Vasco, meanwhile had completed the enciphering and was staring in bewilderment at the result:

PBLTN VLAZA ZRJVJ L

He had not even noticed my LAZ in there.

“So there you are, Vizio,” the Maestro said. “That is how it is enciphered. Now let us try some deciphering. We need to know if the same keyword will work for all four intercepted messages. Page one of one, if you please.”

With surprisingly little help from me, Vasco managed to reverse the process and start recovering the original plaintext:

XIAGO ILCON SIGLI ODEID E…

He stopped. “This is gibberish!”

The Maestro sighed. “Perhaps the key word is not the same, then.” He was carefully not looking at me, who could read over Vasco’s shoulder. Unlike Vasco, though, I was reading: 11 Agosto. Il Consiglio dei Deci…*

“Let us try the final dispatch then. Page one of four, please.”

Again Vasco balked after a few groups, but this time a ray broke through the clouds. “Wait a moment! They begin with dates!”

XVSET TILPR ESDI…

15 Settembre. Il presidio…*

“Why, so they do!” I cried.

The game was over. Vasco hastily covered his work with his hands.

“You don’t need to see this!”

“Of course not,” the Maestro agreed. “You can let Missier Grande into the secret and he can decipher the rest.”
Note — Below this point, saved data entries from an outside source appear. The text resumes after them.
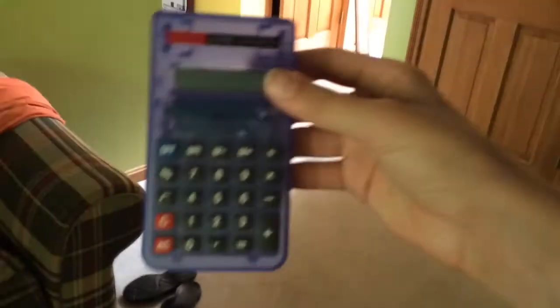Hey guys, it's me Jake, and we're going to be doing a drop test of this really crappy calculator.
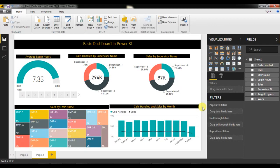That's how you can create a simple dashboard in Power BI. I hope you enjoyed this. I will upload this Power BI file to my Google Drive and share the link in the video description box. Thank you so much for watching.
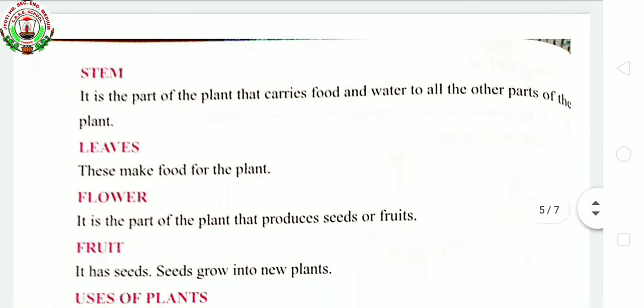Next is leaves. Leaves make food for the plant. Leaves are at the end of the stems of the plants. The plant's food is made in the leaves themselves. Just like food is prepared in the kitchen at home, these leaves are called the kitchen of the plant. Leaves prepare food for the plant by using air, water and sunlight.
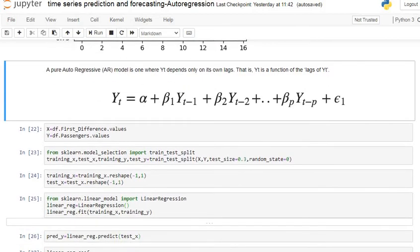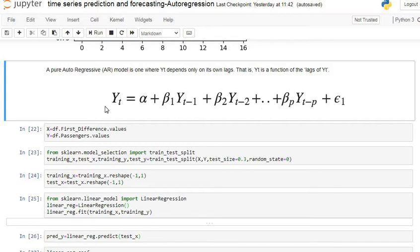The autoregressive model is one where y_t depends on its own lags. Here y_t is a function of its lags. It is basically a linear regression model where alpha is a constant, beta_1 through beta_p are the regression coefficients, and y_{t-1}, y_{t-2} up to y_{t-p} are our independent variables, while y_t is our dependent variable. We use the previous time steps to predict the current time step — it is essentially a linear regression using previous time steps as independent variables.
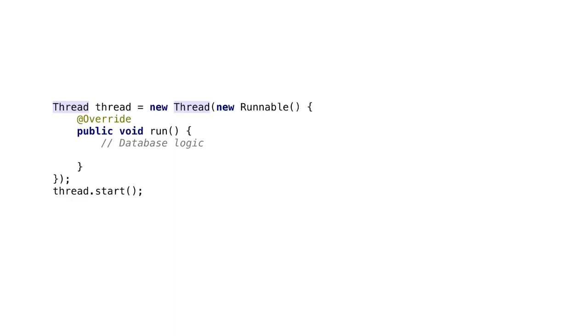As we have previously discussed, we are looking forward to do something similar to this. This will require that we create a new thread every time that we need to use the database.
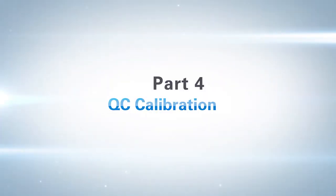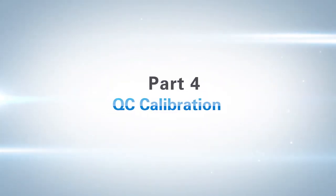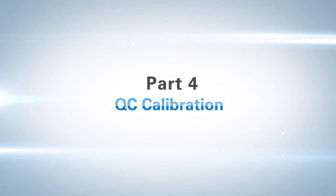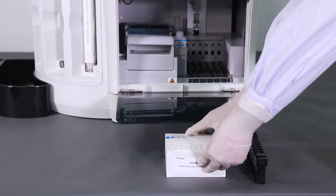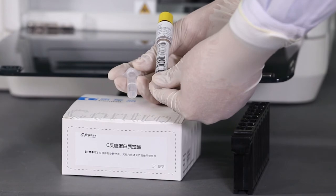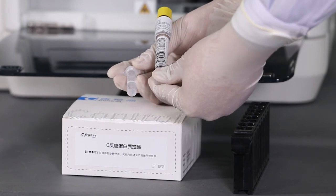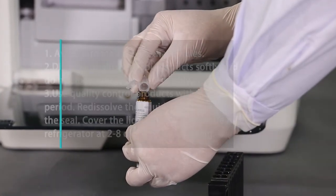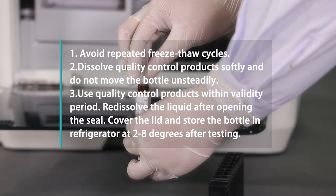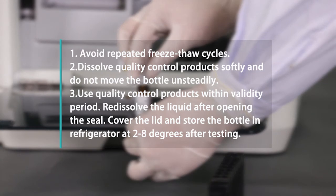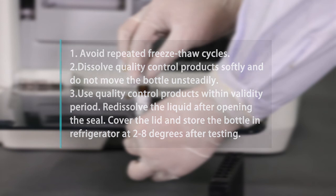Part 4: QC calibration. Users can perform quality control testing in QC interface. 1. Avoid repeated freeze-thaw cycles. 2. Dissolve quality control product softly and do not move the bottle unsteadily. 3. Use quality control products within validity period. 4. Re-dissolve the liquid after opening the seal. 5. Cover the lid and store the bottle in refrigerator at 2 to 8 degrees after testing.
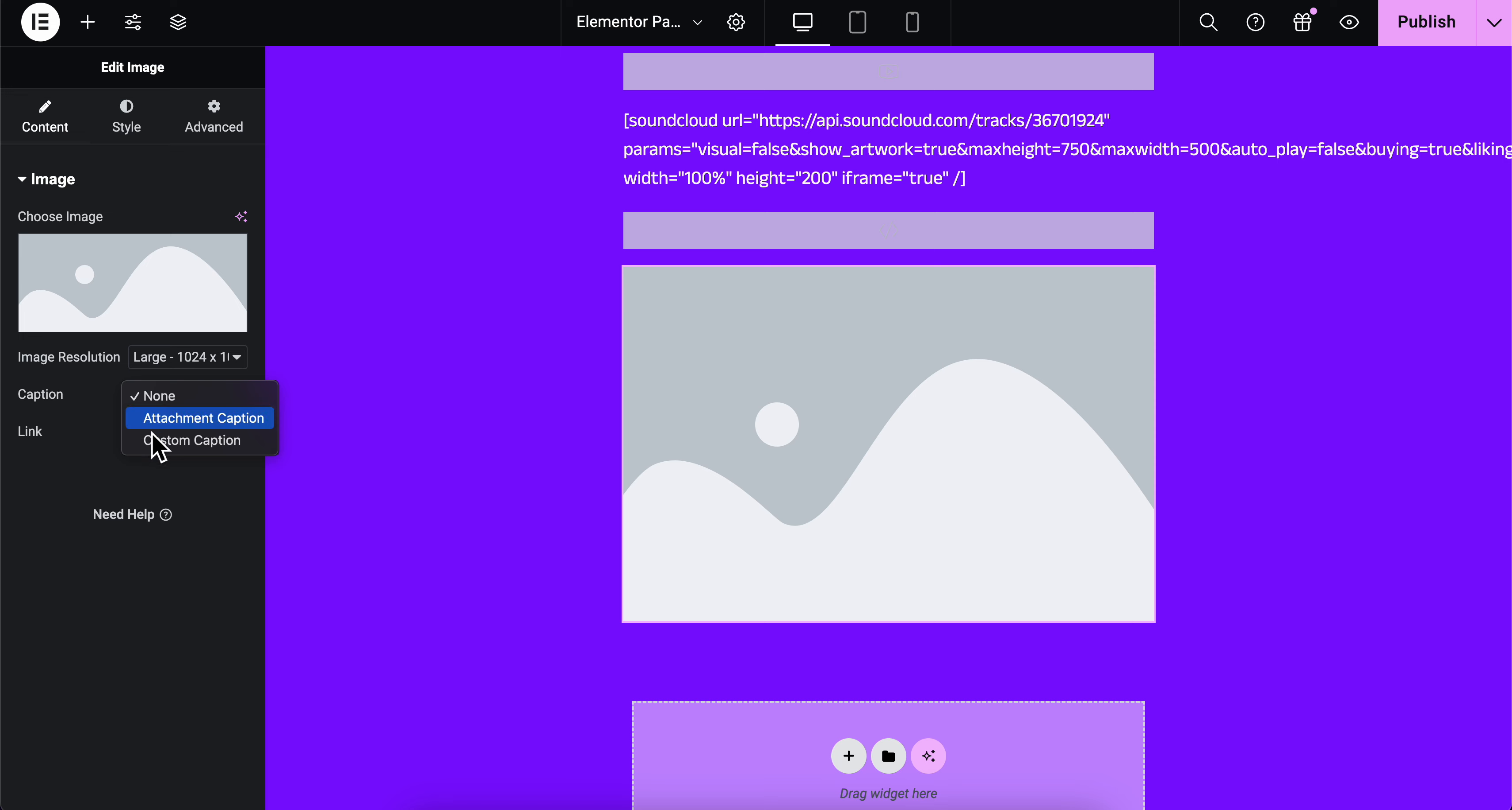If you want, you can add a caption or add a link to it, so whenever someone clicks on that GIF, they're going to get redirected to their page if you want, or another website.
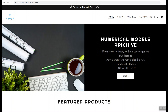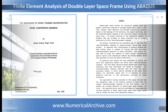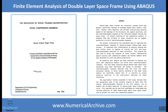Hey YouTube, this is Structural Research Center, and once again we are introducing a new numerical model about finite element analysis of a double layer space frame using Abaqus, which we have just released. This model has an experimental pattern which Parquet has presented in his PhD thesis in 1998.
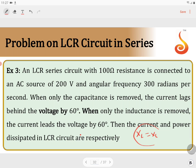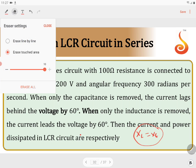When XL is equal to XC, the series LCR circuit becomes a resonating circuit. At resonance, only the resistor will be effective.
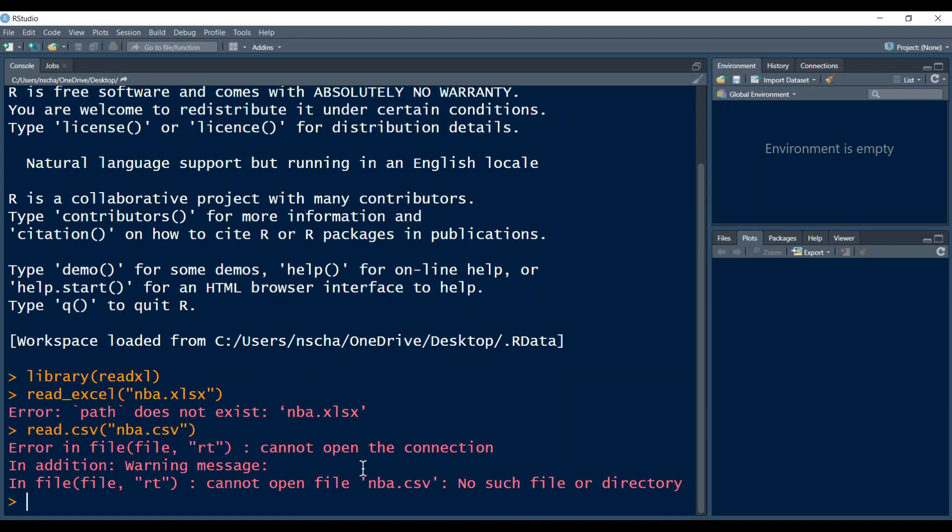A link to all the other videos about loading data into R where I also go more into detail about the functions I used here, so read Excel or read CSV, are now in the top right corner. So if you don't have the problem that is shown here, you can go straight there. Please also smash the subscribe button to make future videos possible and let's get started.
But I was confident that the Maestro himself would break the news to Circospetto, so he could watch Sciara gnash his fangs in mortification. Vasco looked at him as if suspecting the sort of elaborate hoax that I love to play on him every time I get the chance, but which the Maestro considers beneath his dignity.

“This nonsense will translate everything?”

Nostradamus sighed and opened a drawer. “Here is a deciphered version of the page you left in the dining room.”

It was his own version, and Vasco needed some time to decipher the scrawl and artificial letter groups. As he did, he grew paler and paler.

“The interesting thing,” the Maestro remarked, and now he was looking at me, although his expression gave away nothing, “was that Circospetto lied to us.”

“Yes, he did,” I agreed. Today was September 23. If Algol’s fourth dispatch reported news of events on September 15, there had not been time for it to reach Constantinople and the Republic’s spy there to copy it and report back to Venice. Of all the states Algol might be working for, even Rome, the closest, would require almost impossible timing. If the Ten were opening Algol’s mail right here in the city, why did they not know the sender?